(Image-caption web data)
□ □ □

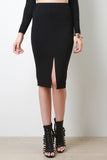 Front Slit Midi Skirt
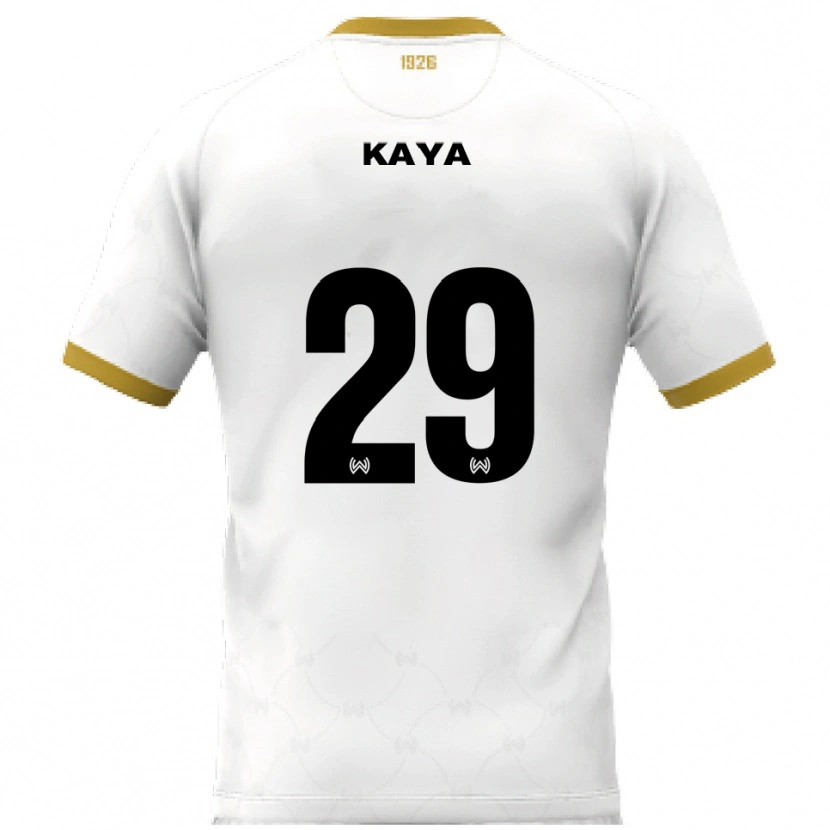 Danxen Kinder Fatih Kaya #29 Weiß Gold Auswärtstrikot Trikot 2025/26 T-Shirt Österreich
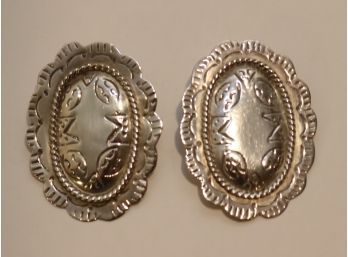 Vintage Sterling Silver Earrings Mexico 925 (b-22)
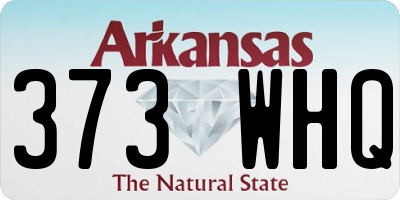 AR license plate 373WHQ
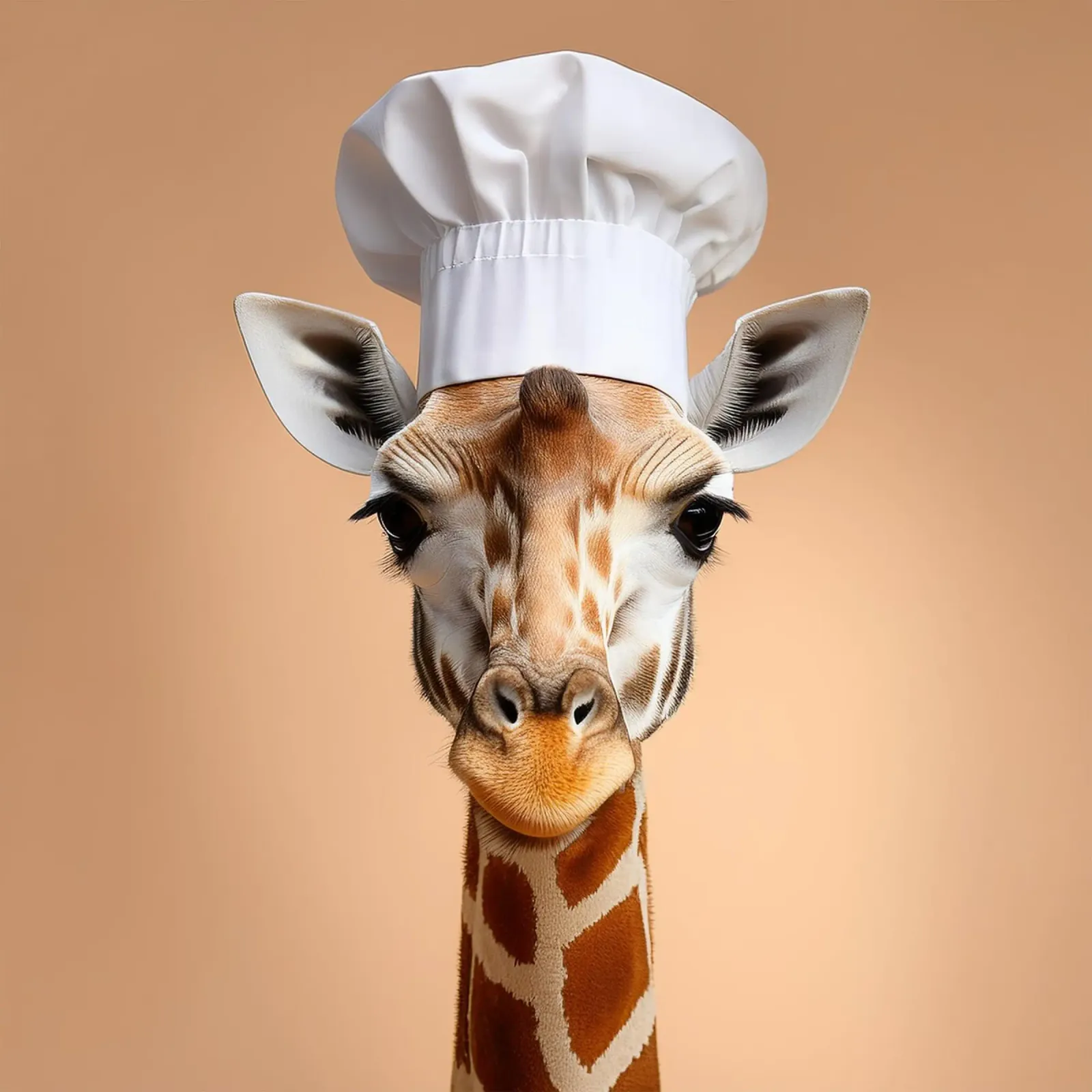 Giraffe Chefkoch Kunstdruck | Skurrile Küche Wanddekoration Poster mit Holzrahmen von FlexiDesignsByK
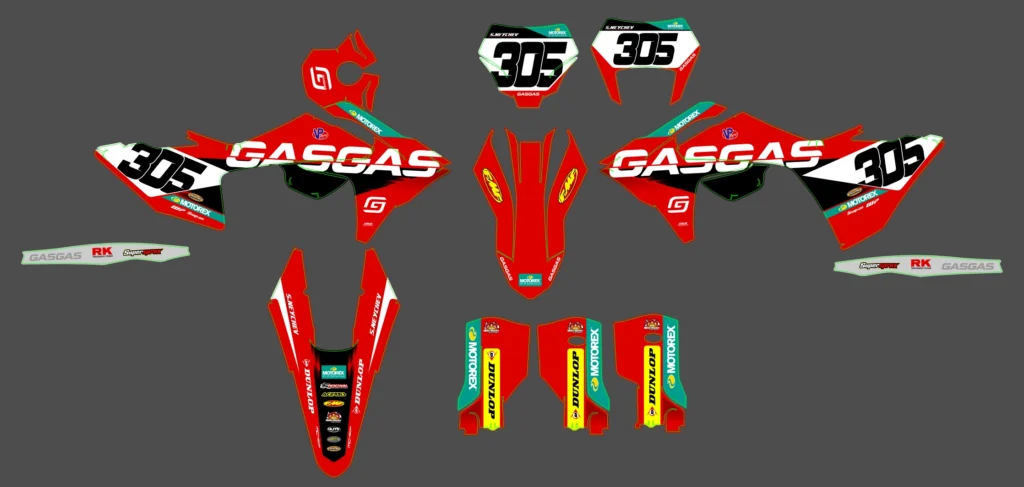 Okleina motocyklowa GAS GAS - GAS-154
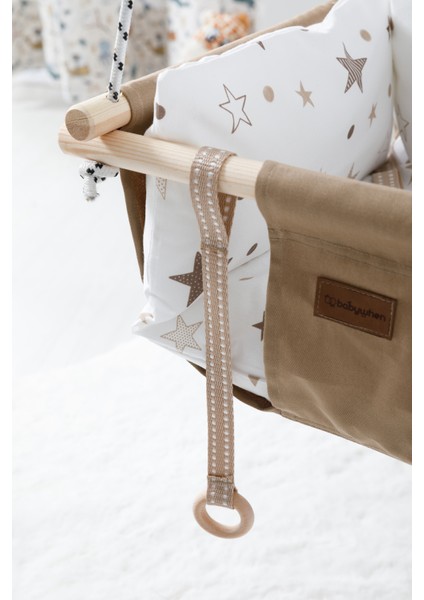 Bw2211 - Ahşap Çocuk Salıncak - Emniyet Kemerli - Ev Salıncağı fiyatları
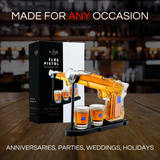 Gifts for Men Dad, Father Whiskey Decanter Set - 8 Oz with Two 2 Oz Glasses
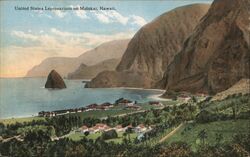 United States Leprosarium on Molokai, Hawaii Kalaupapa, HI Postcard Postcard Postcard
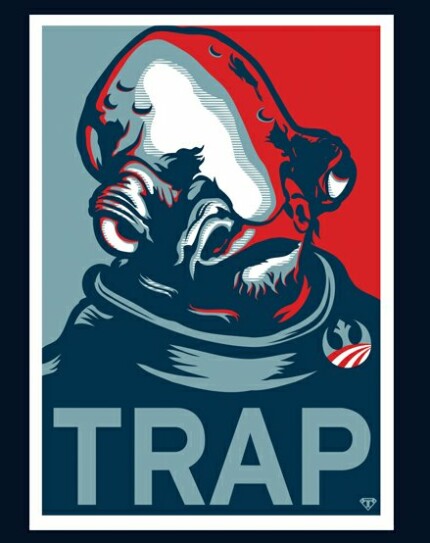 Star Wars TRAP Sticker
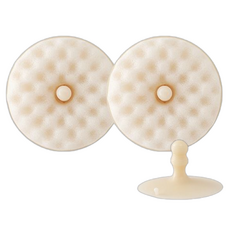 하이엉클 주방 설거지 도넛 수세미 2p + 전용 수세미걸이 세트, 1세트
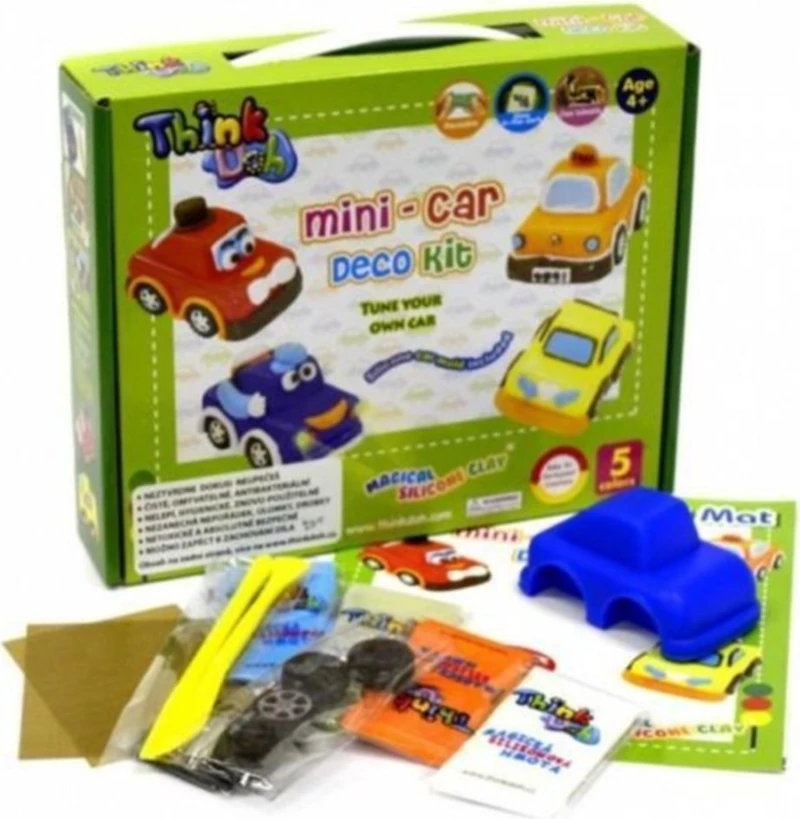 Dong-A 8929520 Silikon Model Hamuru Mini Araba Yapım Seti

□ □ □

Each entry above should be written out again exactly, without its pictures.

 Front Slit Midi Skirt
 Danxen Kinder Fatih Kaya #29 Weiß Gold Auswärtstrikot Trikot 2025/26 T-Shirt Österreich
 Vintage Sterling Silver Earrings Mexico 925 (b-22)
 AR license plate 373WHQ
 Giraffe Chefkoch Kunstdruck | Skurrile Küche Wanddekoration Poster mit Holzrahmen von FlexiDesignsByK
 Okleina motocyklowa GAS GAS - GAS-154
 Bw2211 - Ahşap Çocuk Salıncak - Emniyet Kemerli - Ev Salıncağı fiyatları
 Gifts for Men Dad, Father Whiskey Decanter Set - 8 Oz with Two 2 Oz Glasses
 United States Leprosarium on Molokai, Hawaii Kalaupapa, HI Postcard Postcard Postcard
 Star Wars TRAP Sticker
 하이엉클 주방 설거지 도넛 수세미 2p + 전용 수세미걸이 세트, 1세트
 Dong-A 8929520 Silikon Model Hamuru Mini Araba Yapım Seti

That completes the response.